- [Data provided]:
· · · · · · ·

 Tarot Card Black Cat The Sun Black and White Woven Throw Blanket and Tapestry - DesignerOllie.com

· · · · · · ·

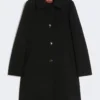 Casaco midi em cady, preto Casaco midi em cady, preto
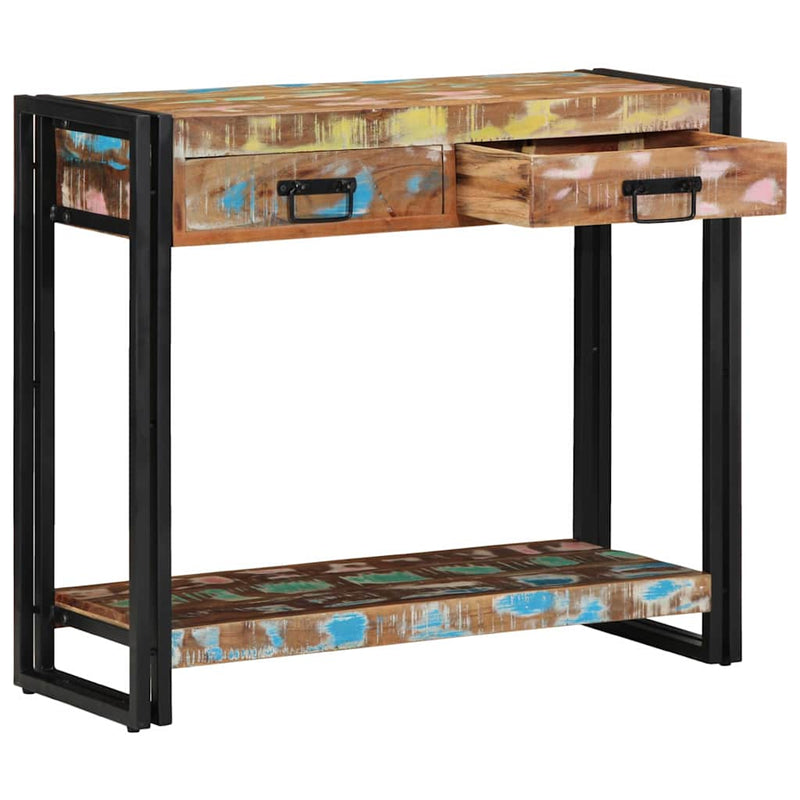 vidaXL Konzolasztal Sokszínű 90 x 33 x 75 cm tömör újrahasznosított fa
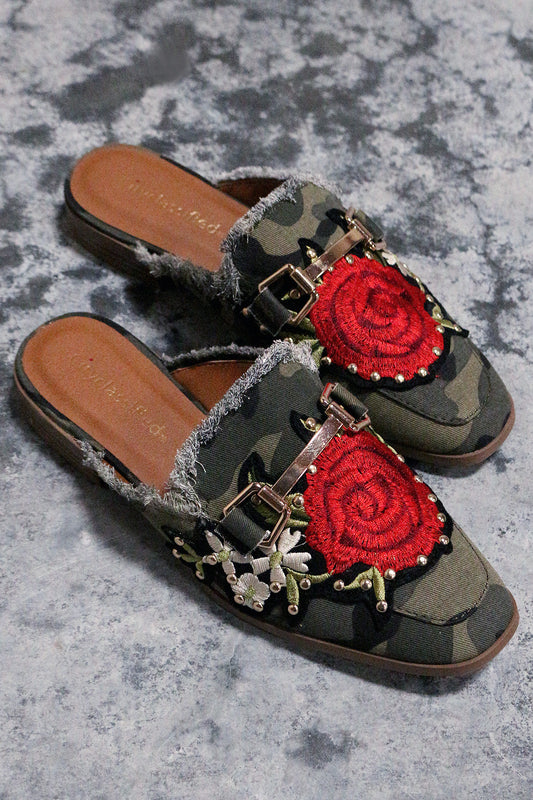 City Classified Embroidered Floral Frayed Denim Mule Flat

· · · · · · ·

- [How to complete this task]: Within the listing above, find the line containing "Casaco midi em cady, preto Casaco" and the line containing "City Classified Embroidered". Transcribe them and everything between them exactly, leaving out the pictures.

- [Your solution]:
 Casaco midi em cady, preto Casaco midi em cady, preto
 vidaXL Konzolasztal Sokszínű 90 x 33 x 75 cm tömör újrahasznosított fa
 City Classified Embroidered Floral Frayed Denim Mule Flat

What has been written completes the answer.